El Tenerife respira y ya sueña con el ascenso a Segunda tras ganar con sufrimiento a un Arenas de Getxo que plantó cara en el Heliodoro. Enric Gallego fue clave para dar un paso de gigante y traer tranquilidad a todos en la Isla.
Álvaro Cervera sorprendió con la presencia de Jeremy Jorge en el once titular, futbolista con muy poca participación a lo largo de la Liga, mientras que Jon Erice hizo hasta ¡siete cambios! con respecto al once de la semana pasada. Así las cosas, el duelo empezó con mucha intensidad por parte de los dos contendientes.
Collado fue el primero que probó, pero Dani Martin mandó al córner por si acaso (6′). Un rato después, Landázuri quedó mal parado muy lejos de su zona, pero el disparo de Vizcay lo repelió otra vez el portero (13′). De Miguel tuvo una buena ocasión de cabeza, pero entre el meta y un defensa evitaron el 1-0 sobre la línea (16′).

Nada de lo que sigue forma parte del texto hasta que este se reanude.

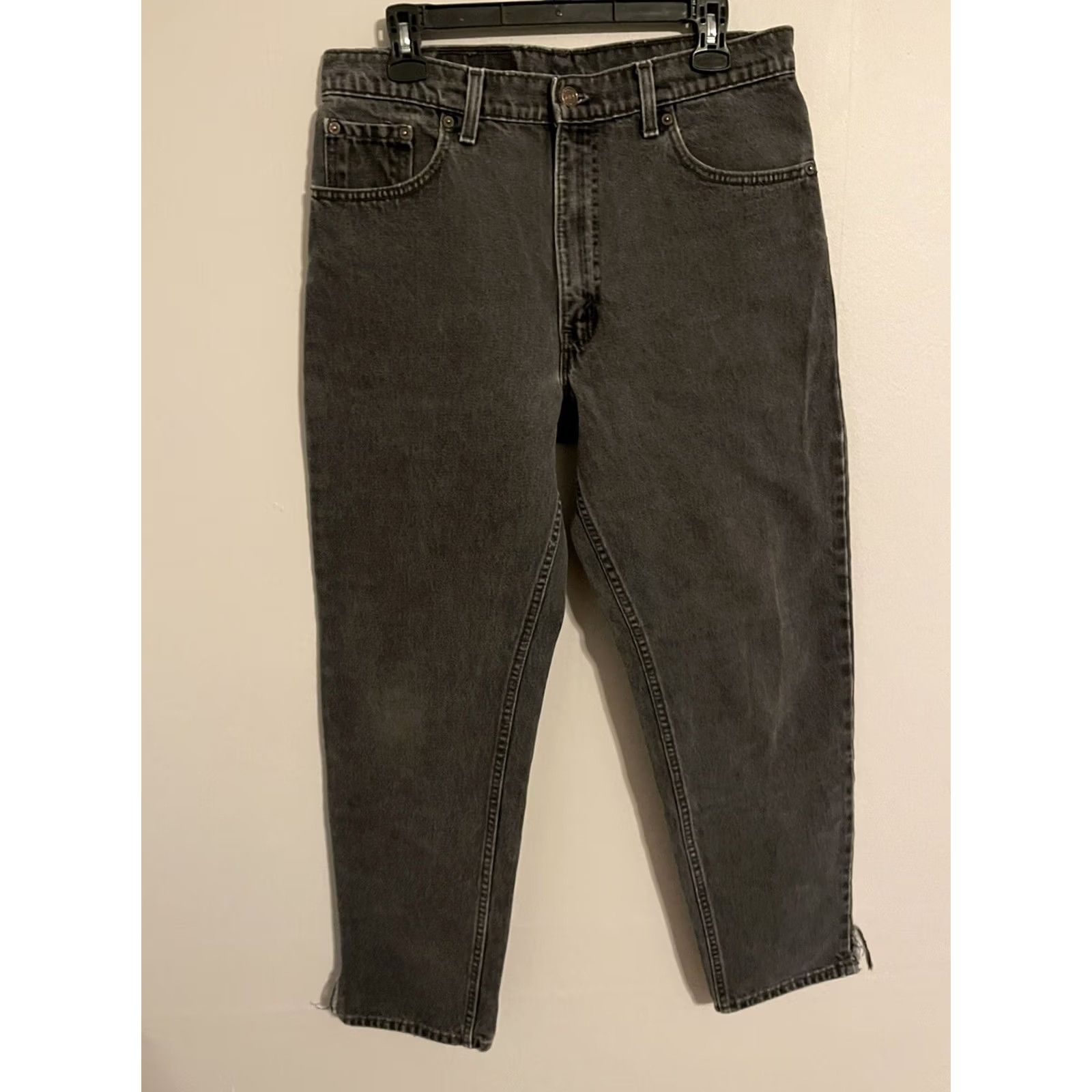 Levi's VINTAGE Levi's 550 Red Tab Jeans Made in USA Black Denim Mens 33x30 Size US 33 - 3 Thumbnail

El choque seguía vibrante, a un ritmo alto. Y así se llegó a la media hora, con mucho por decidir y con los tinerfeños excesivamente nerviosos, sobre todo su última línea. El peligro de los locales pasaba por Jeremy, el menos atenazado.
Los vascos, ordenados, no se desesperaban, pero justo antes del descanso apareció el incansable Enric, goleador del equipo, para autocrearse una ocasión dentro del área, disparar con alma y vida y hacer estallar un Heliodoro que ya empezaba a preocuparse.
Para la segunda mitad salieron los mismos, aunque con un poco más de pausa. Esto quizás motivó menos llegadas. Ya con Chapela y Balde en cancha, el Tenerife hizo el segundo, pero el árbitro y el asistente coincidieron en que Noel estaba en fuera de juego y el gol no subió al marcador.
Un poco después, Gastasi evitó el tanto de Balde con una gran parada (69′). Entonces, Erice movió su banquillo para refrescar las cansada piernas de su equipo, que estaba haciendo un gran esfuerzo. Y uno de ellos, Mattheus, tuvo el empate, pero Dani Martín, otra vez, fu determinante y mandó a córner.
Cuando empezaban a aflorar otra vez los nervios, fue Balde quien se la guisó y se la comió: perdió el balón, pero no bajó los brazos y la recuperó, Juanjo condujo y vio el momento justo para asistir al extremo y establecer segundo.